* About this task *
Copy nothing but the text: reproduce each line of the listing exactly and leave the pictures out.

* Data *
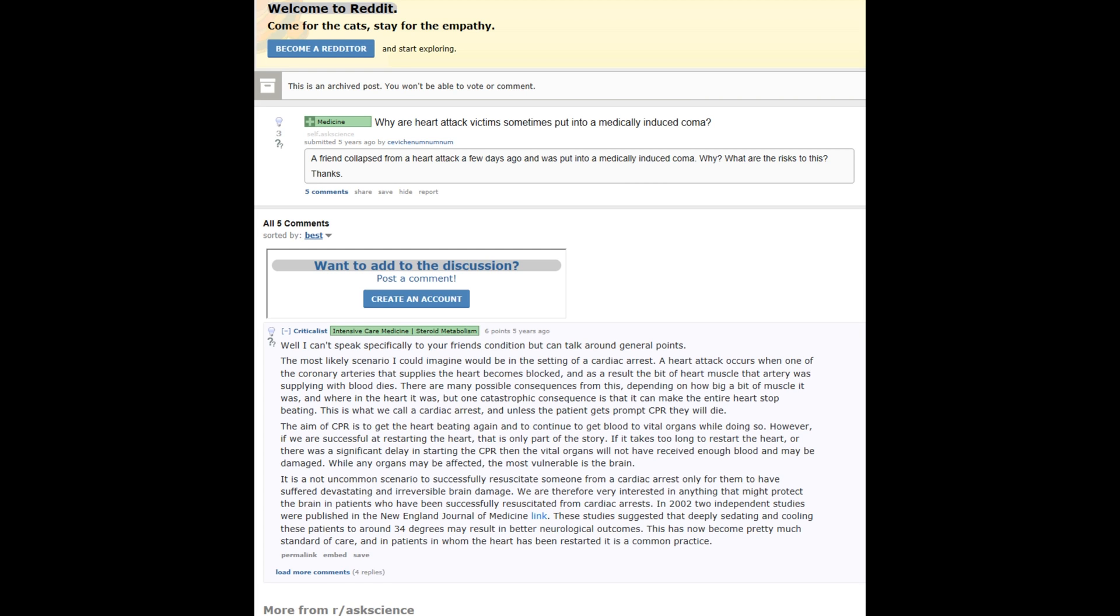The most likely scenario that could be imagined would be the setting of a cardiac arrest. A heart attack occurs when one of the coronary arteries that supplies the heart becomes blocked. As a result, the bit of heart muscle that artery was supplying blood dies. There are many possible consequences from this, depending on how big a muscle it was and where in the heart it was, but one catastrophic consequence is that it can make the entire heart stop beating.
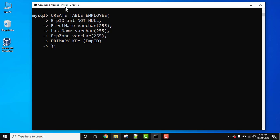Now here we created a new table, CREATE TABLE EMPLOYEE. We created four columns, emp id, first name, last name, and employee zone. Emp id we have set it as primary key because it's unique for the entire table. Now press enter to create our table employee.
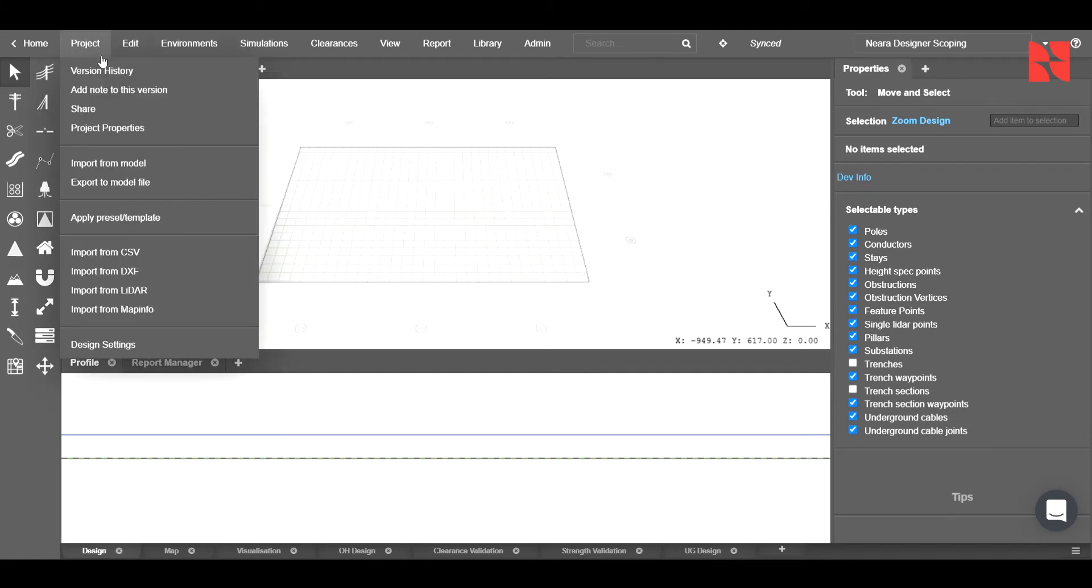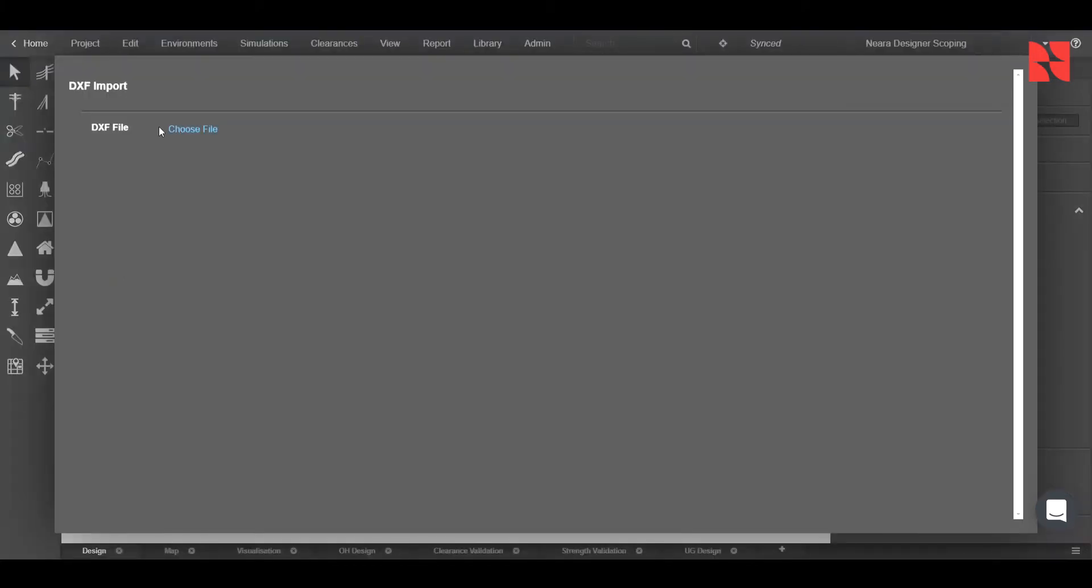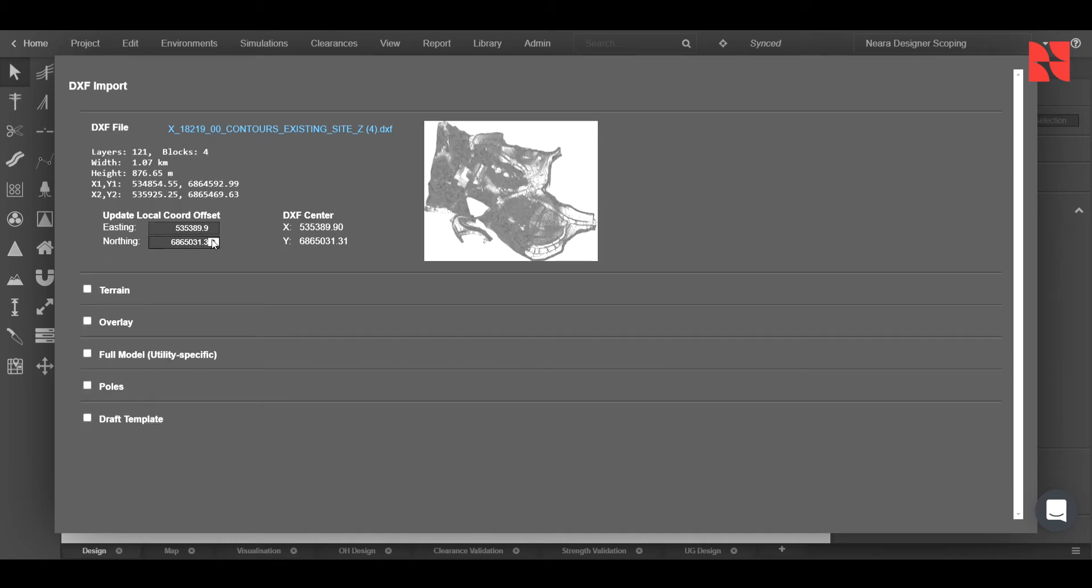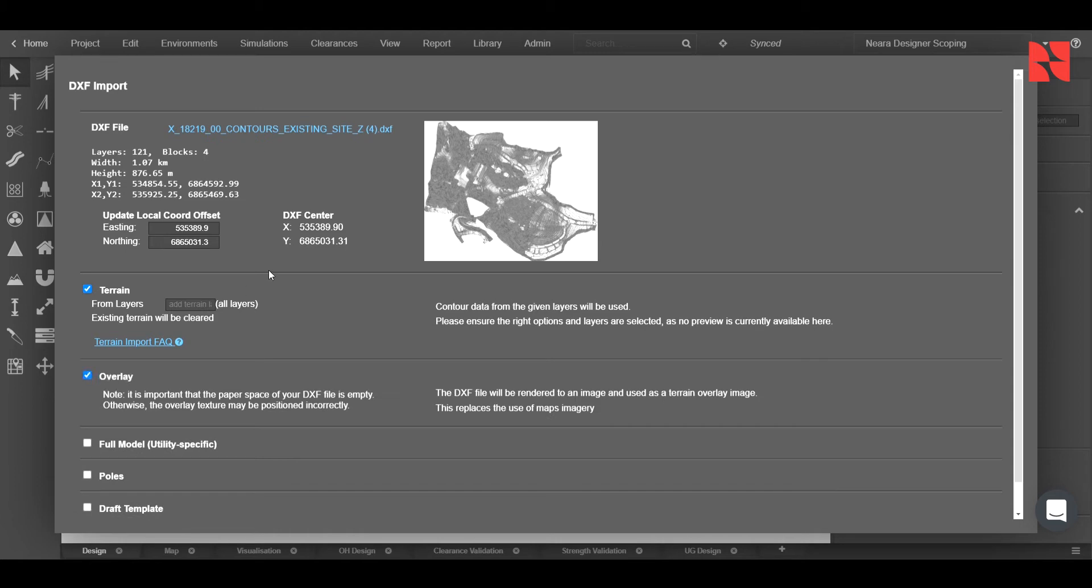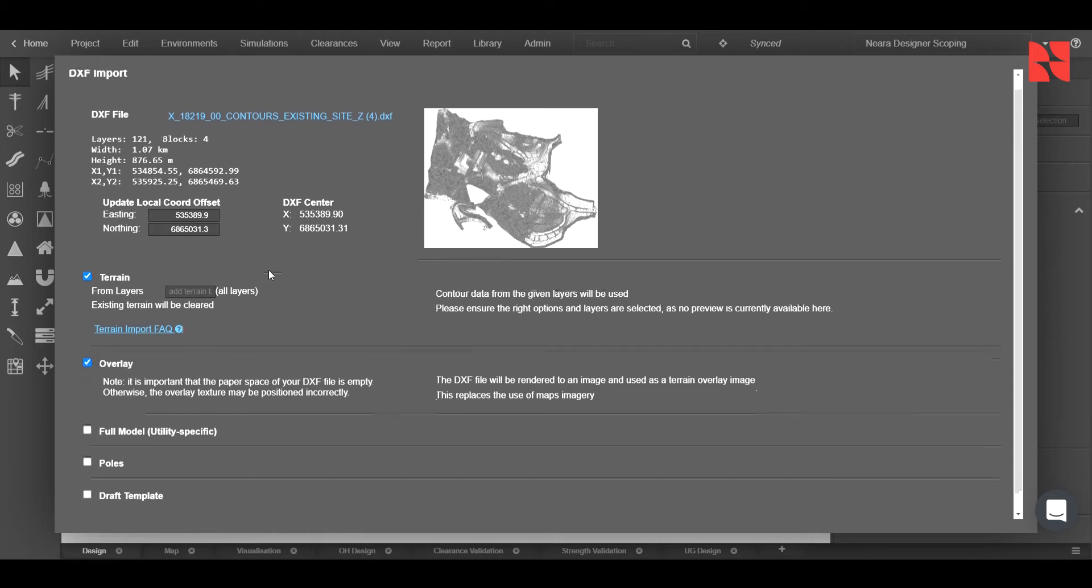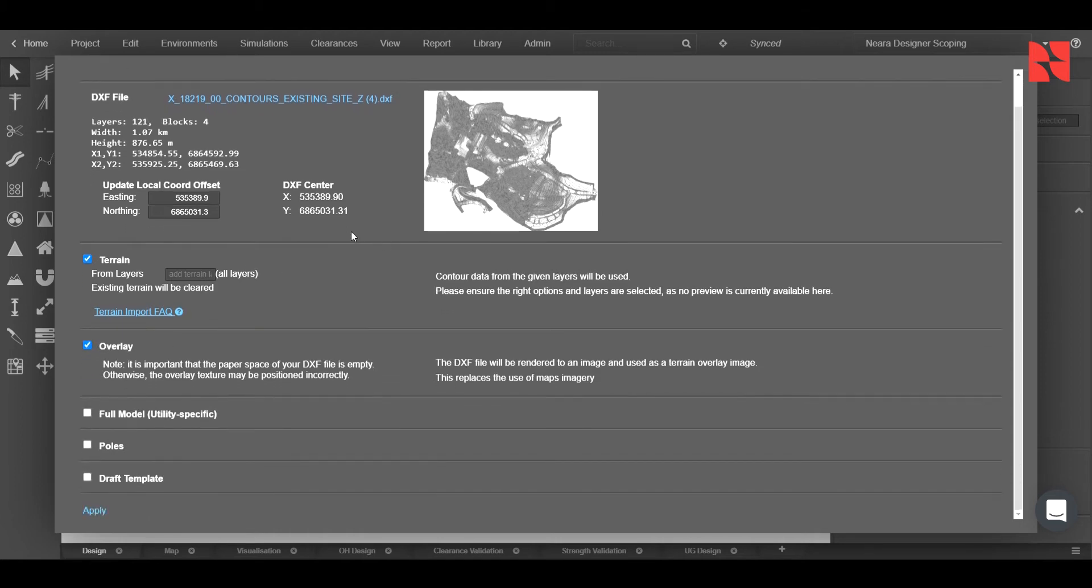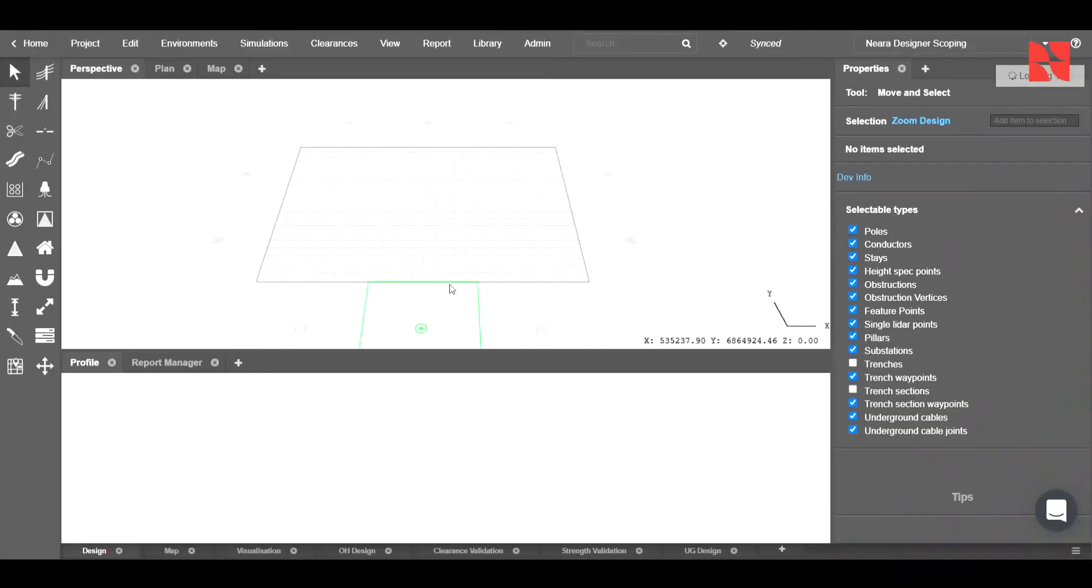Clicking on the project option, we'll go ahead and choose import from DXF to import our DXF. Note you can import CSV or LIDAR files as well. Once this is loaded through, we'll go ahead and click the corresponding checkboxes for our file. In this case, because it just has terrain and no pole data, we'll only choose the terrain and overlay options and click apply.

* Response *
The most likely scenario that could be imagined would be the setting of a cardiac arrest. A heart attack occurs when one of the coronary arteries that supplies the heart becomes blocked. As a result, the bit of heart muscle that artery was supplying blood dies. There are many possible consequences from this, depending on how big a muscle it was and where in the heart it was, but one catastrophic consequence is that it can make the entire heart stop beating.
Now here we created a new table, CREATE TABLE EMPLOYEE. We created four columns, emp id, first name, last name, and employee zone. Emp id we have set it as primary key because it's unique for the entire table. Now press enter to create our table employee.
Clicking on the project option, we'll go ahead and choose import from DXF to import our DXF. Note you can import CSV or LIDAR files as well. Once this is loaded through, we'll go ahead and click the corresponding checkboxes for our file. In this case, because it just has terrain and no pole data, we'll only choose the terrain and overlay options and click apply.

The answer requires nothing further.